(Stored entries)
# # # # # # #
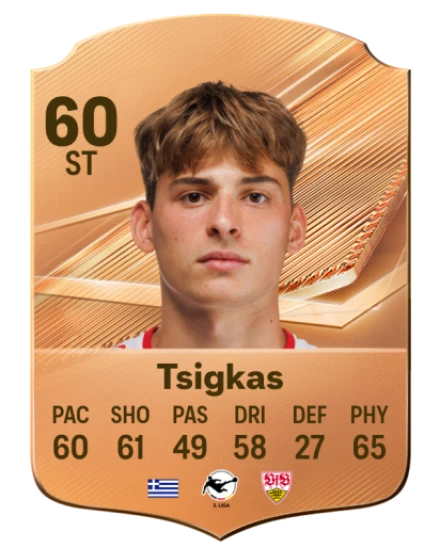 Tsigkas 60 Bronze ST FC 27 card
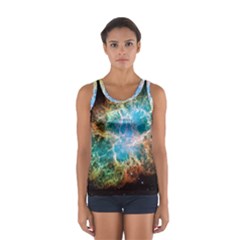 Crab Nebula Women s Sport Tank Top  by SpaceShop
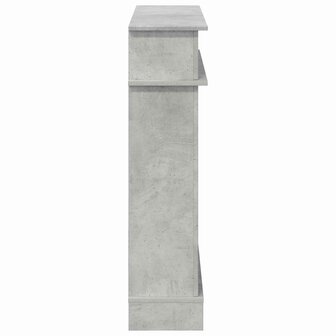 Haardombouw Betongrijs 102 x 26 x 100 cm Bewerkt hout 5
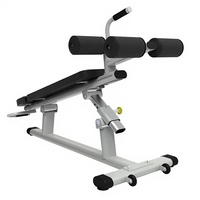 Banc abdominal réglable pliable pour exercices de sit-up et de push-up, idéal pour les salles de sport commerciales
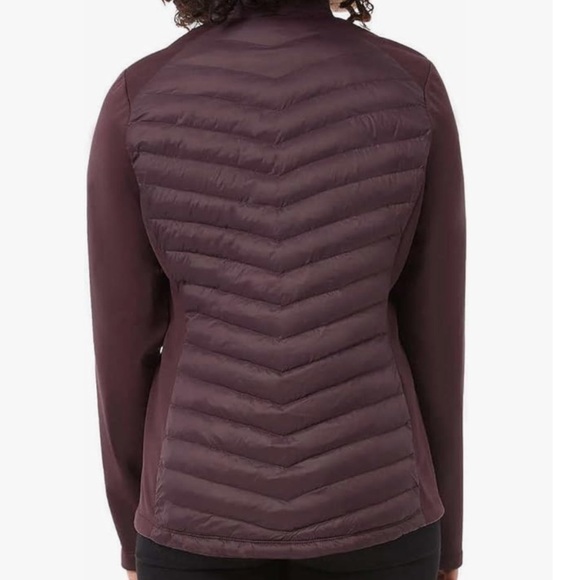 ❄️NWT❄️ 32 Degrees Womens Mixed Media Jacket- Deep Burgundy - Size: Small - Picture 5 of 5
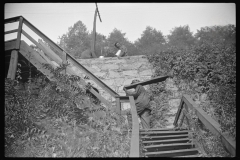 0974_Miners going on shift with lunch cans , Caples , West Virginia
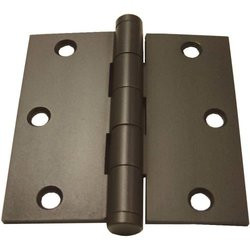 Emtek 92013US10B 92013 3.5" x 3.5" Square Corner Plain Bearing Mortise Hinge - Pair, Oil Rubbed Bronze
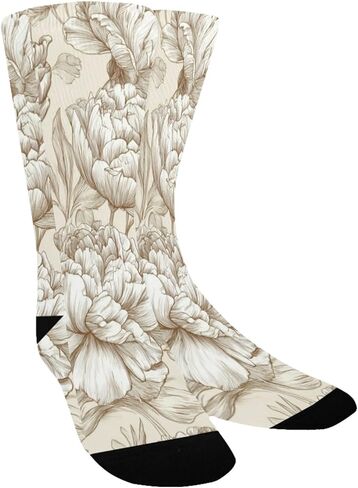 Vintage Sketch Design Hiking Socks - Toddler Boys & Girls Warm Thick Thermal Winter Crew Socks for School, Daily Wear & Outdoor Activities in Kuwait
# # # # # # #
- **Aim of the exercise**
Could you set down every entry above exactly as it stands, with no images?

- **Answer area**
 Tsigkas 60 Bronze ST FC 27 card
 Crab Nebula Women s Sport Tank Top  by SpaceShop
 Haardombouw Betongrijs 102 x 26 x 100 cm Bewerkt hout 5
 Banc abdominal réglable pliable pour exercices de sit-up et de push-up, idéal pour les salles de sport commerciales
 ❄️NWT❄️ 32 Degrees Womens Mixed Media Jacket- Deep Burgundy - Size: Small - Picture 5 of 5
 0974_Miners going on shift with lunch cans , Caples , West Virginia
 Emtek 92013US10B 92013 3.5" x 3.5" Square Corner Plain Bearing Mortise Hinge - Pair, Oil Rubbed Bronze
 Vintage Sketch Design Hiking Socks - Toddler Boys & Girls Warm Thick Thermal Winter Crew Socks for School, Daily Wear & Outdoor Activities in Kuwait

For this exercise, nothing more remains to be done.